The city of Milwaukee may penalize landlords who don’t fix lead hazards in their properties, but only if they can track them down.

A growing share of Milwaukee property owners live outside of Wisconsin. And in properties where low-income renters live, ownership frequently changes, leaving tenants confused about who should be held accountable for any hazards.

In 2022, landlords outside of Wisconsin owned more than one in six Milwaukee rental homes.

Out-of-state investors are increasingly buying properties in Milwaukee’s Black-majority neighborhoods, according to a report by John Johnson, a research fellow in the Lubar Center for Public Policy Research and Civic Education at Marquette University Law School.

Landlords outside of Wisconsin own 24% of rental properties in majority Black wards, a 9.3 percentage point leap since 2018, according to the report. Yet from 2018 through September 2022, the number of out-of-state-owned houses in majority white neighborhoods fell by nearly 100, the report said.

The Milwaukee Department of Health Services struggled to find Dennise Honegger’s landlord after tests showed her daughter and grandson were lead-poisoned. The department eventually tracked him down in California where he was difficult to reach, Honegger said. Some lead abatement happened at Honegger’s rental, but only sporadically as the landlord did not consistently pay contractors, she added.

State law does not limit how often landlords change their business names, and those that frequently change their limited liability companies are particularly hard to find, said Michael Mannan, the health department’s director of home environmental health.

“It makes it very hard to bring someone to court if they’re constantly changing their ownership,” Mannan said.

Allowing cities to set up and fund rental registry programs would help address this problem, Mannan said, but state laws that limit local power to regulate rental properties make doing so difficult.
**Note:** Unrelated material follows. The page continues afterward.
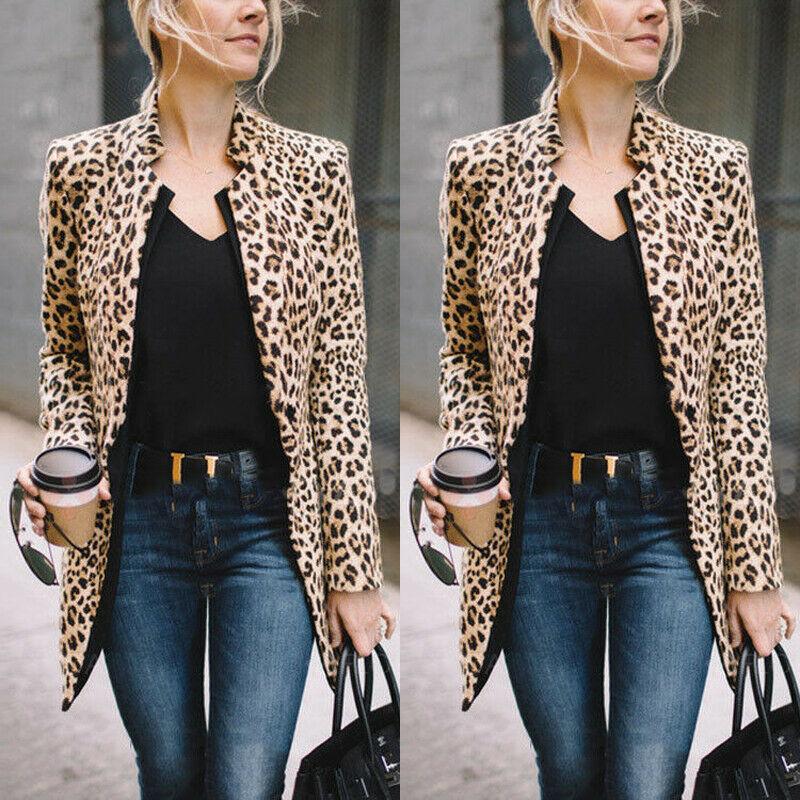 

New Fashion Women Leopard Printed Women Wild Jacket Sweater Top Casual Cardigan Long Sleeve Blazer Coat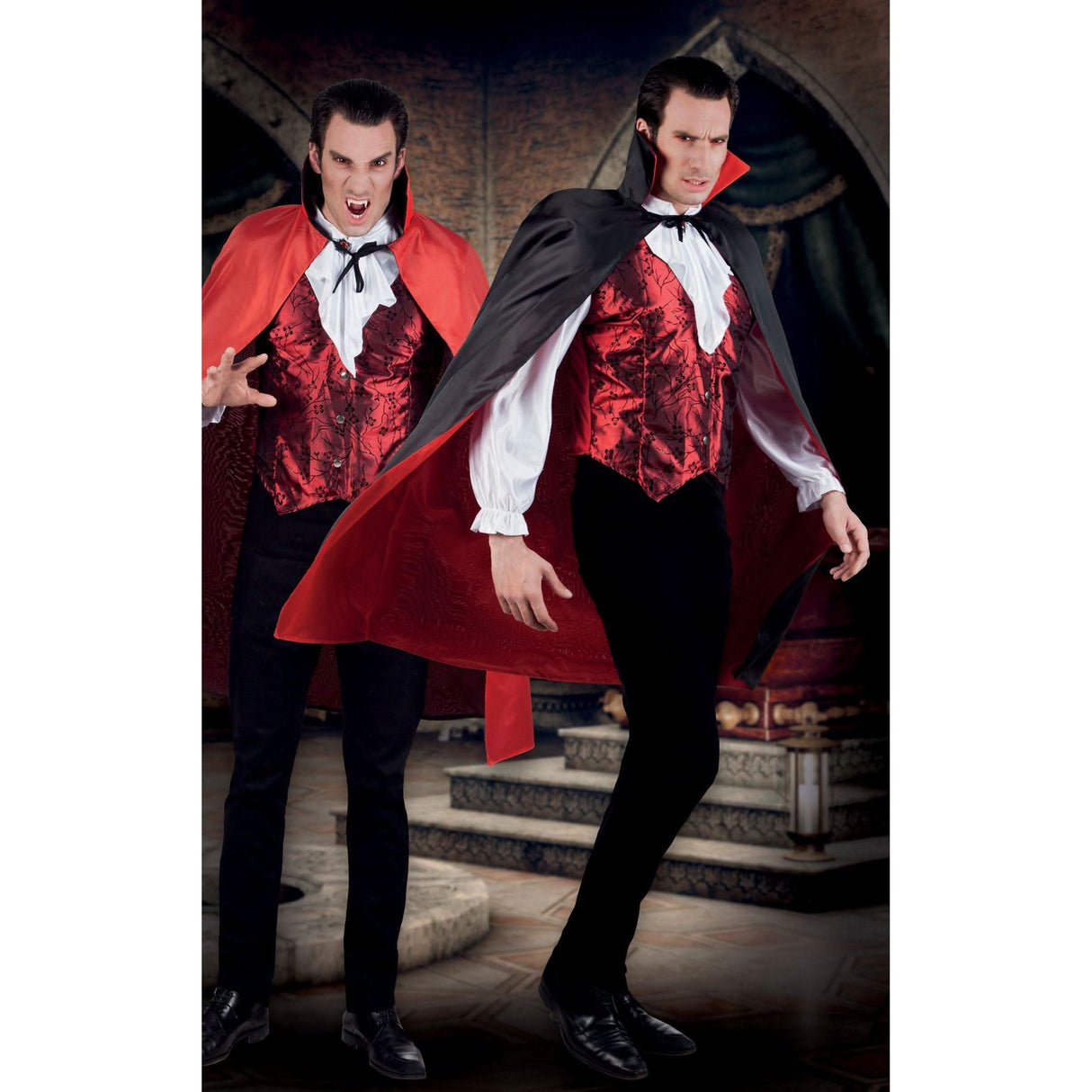 Men's Vampire Dracula Reversible Cape Halloween Fancy Dress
“We’d know who the owner is, you’d have to renew every year. If you had code violations, you wouldn’t be allowed to rent your property, Mannan said. “All that we’re allowed to do are Band-Aids.”  

Mannan said his colleagues are lobbying lawmakers to require that agents submit additional information when registering an LLC — an “uphill climb” in the current landlord-friendly Legislature, he acknowledges.

Heiner Giese, an attorney and lobbyist for the Rental Property Association of Wisconsin, said he is not aware of landlords that are changing their business names to avoid enforcement.

Changing an LLC name still requires paying state fees and listing a registered agent, Giese said.

“There’s somewhat of a myth out there that landlords are hiding,” he said. “You’ve got to have some sort of live human being that’s connected with an LLC.”